Work instruction: Would you write out the full listing exactly, without any pictures?

Given records:
______
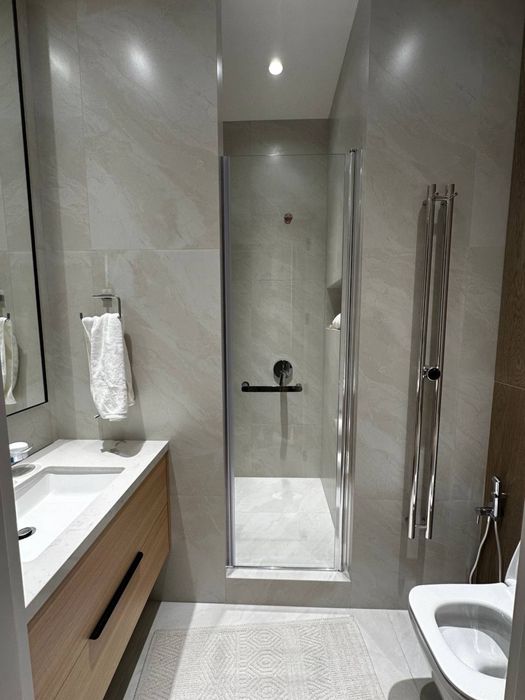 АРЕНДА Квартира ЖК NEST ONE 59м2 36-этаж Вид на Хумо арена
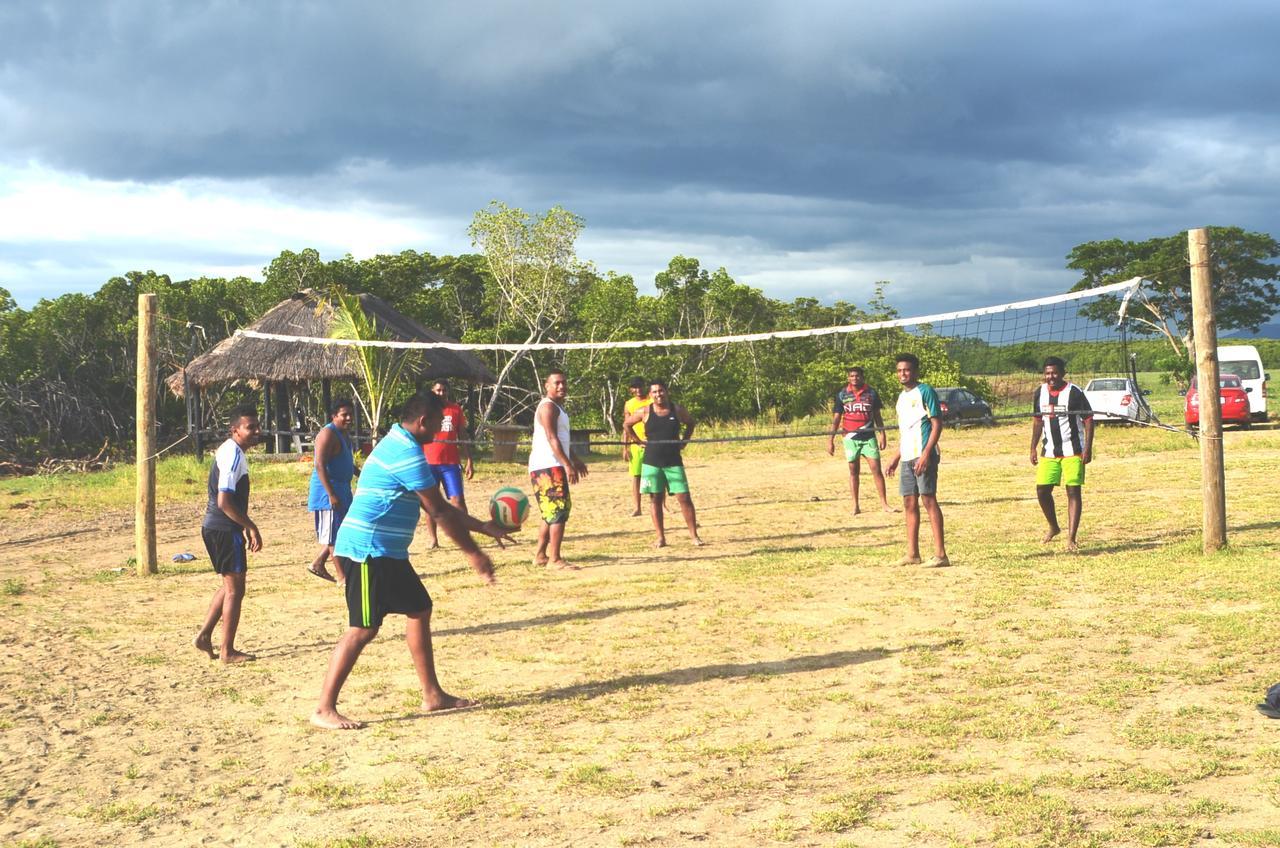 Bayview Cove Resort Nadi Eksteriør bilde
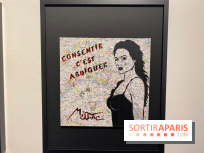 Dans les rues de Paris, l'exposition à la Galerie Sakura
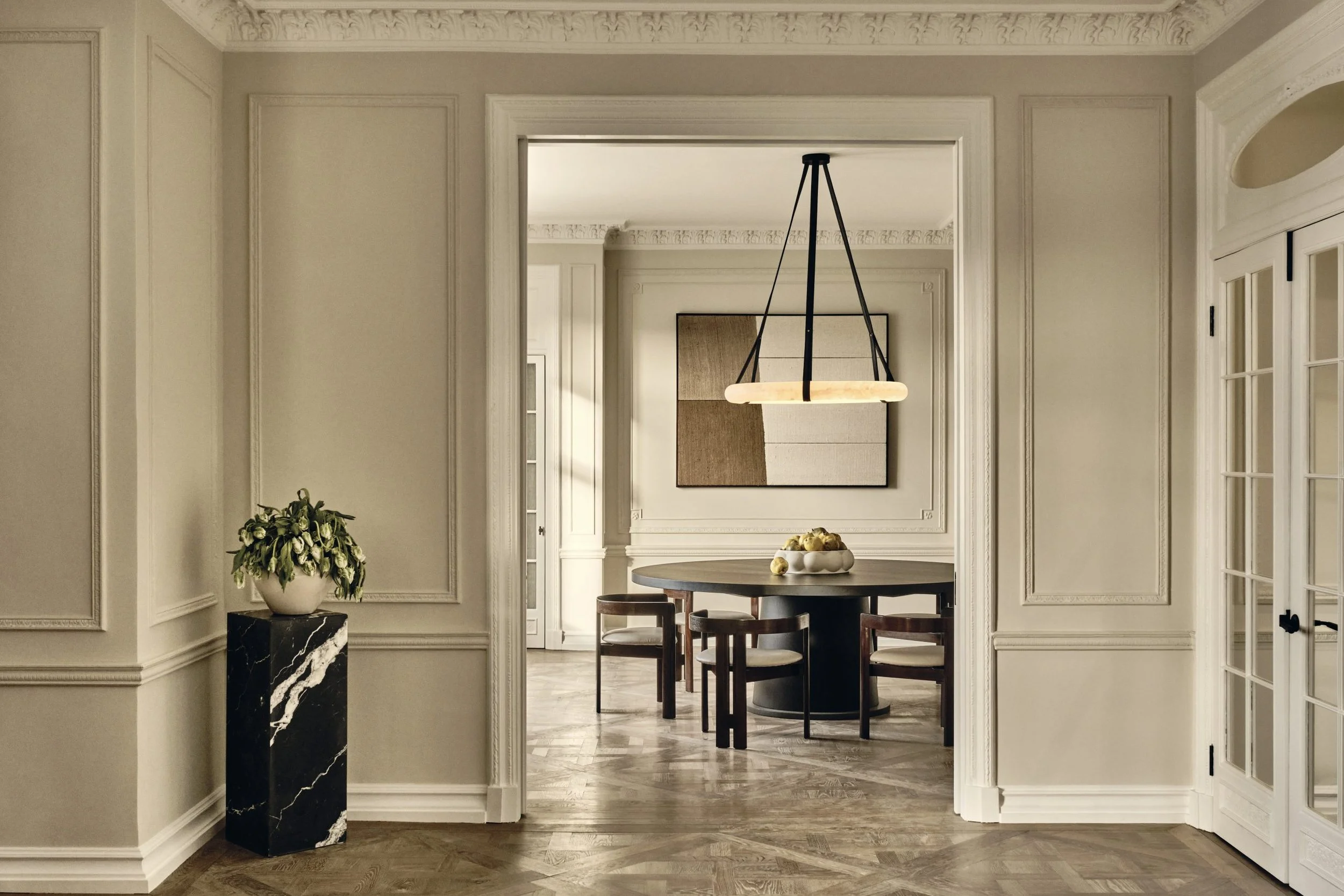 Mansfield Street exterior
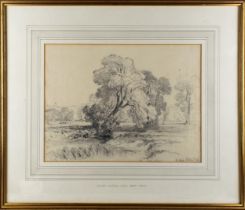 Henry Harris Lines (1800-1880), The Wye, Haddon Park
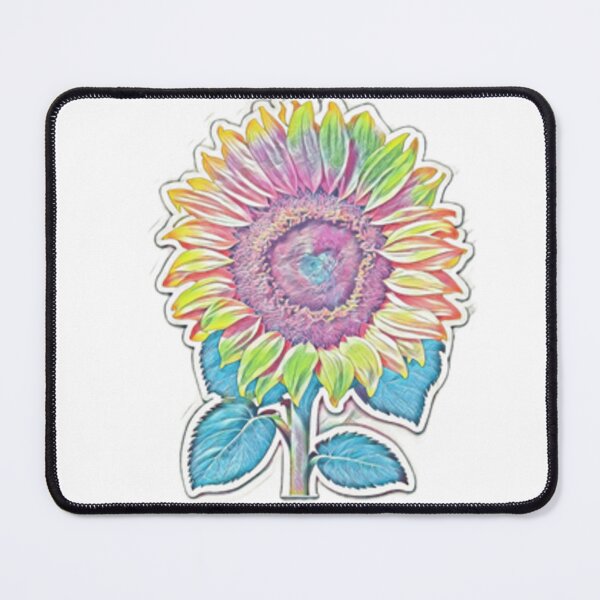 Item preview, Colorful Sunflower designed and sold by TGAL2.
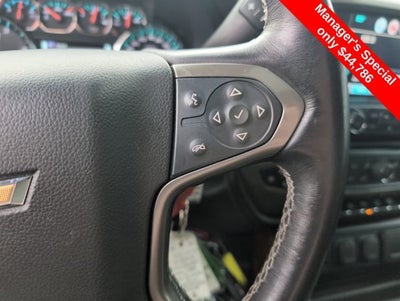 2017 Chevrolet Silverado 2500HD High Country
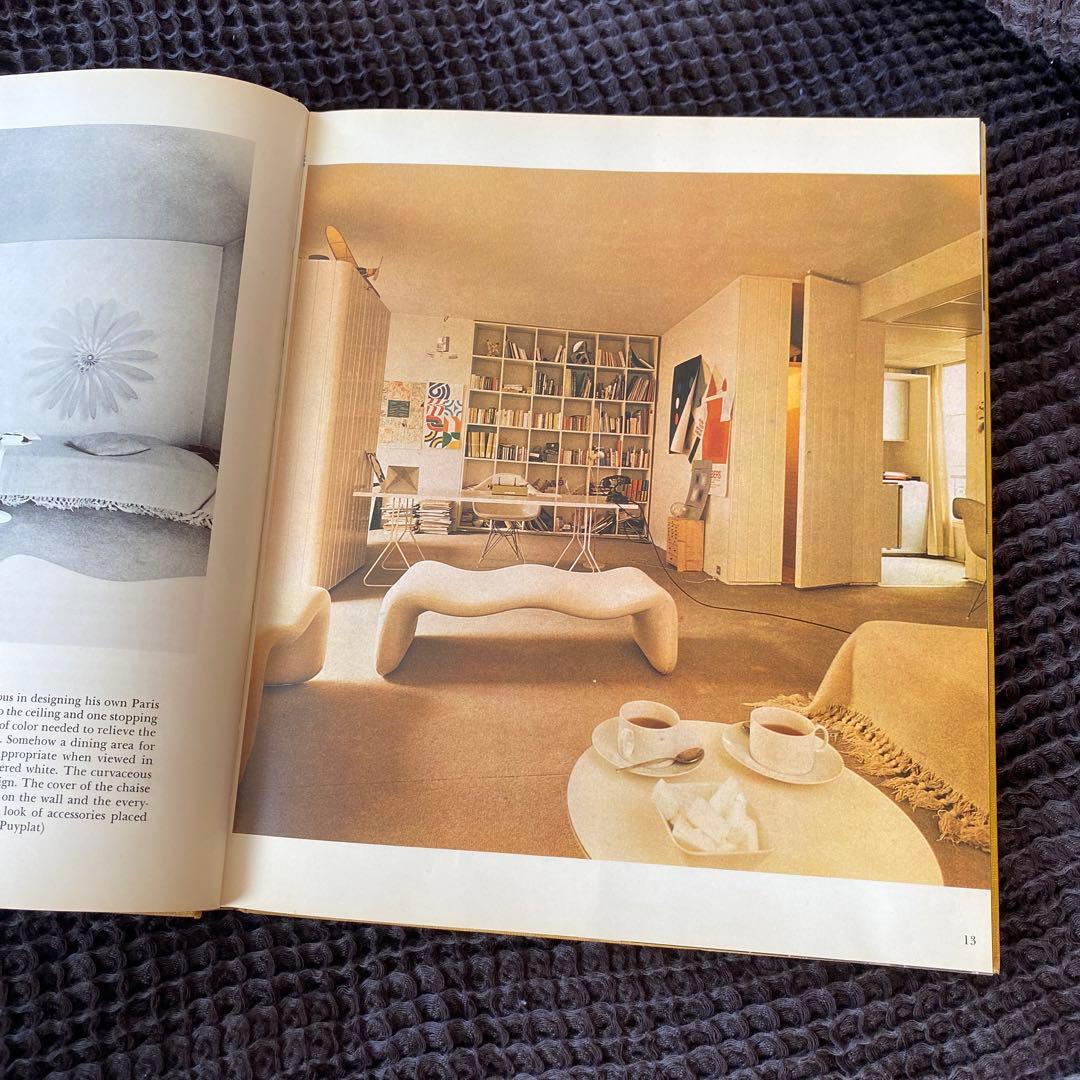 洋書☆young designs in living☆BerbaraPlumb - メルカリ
______
Output for this exercise:
 АРЕНДА Квартира ЖК NEST ONE 59м2 36-этаж Вид на Хумо арена
 Bayview Cove Resort Nadi Eksteriør bilde
 Dans les rues de Paris, l'exposition à la Galerie Sakura
 Mansfield Street exterior
 Henry Harris Lines (1800-1880), The Wye, Haddon Park
 Item preview, Colorful Sunflower designed and sold by TGAL2.
 2017 Chevrolet Silverado 2500HD High Country
 洋書☆young designs in living☆BerbaraPlumb - メルカリ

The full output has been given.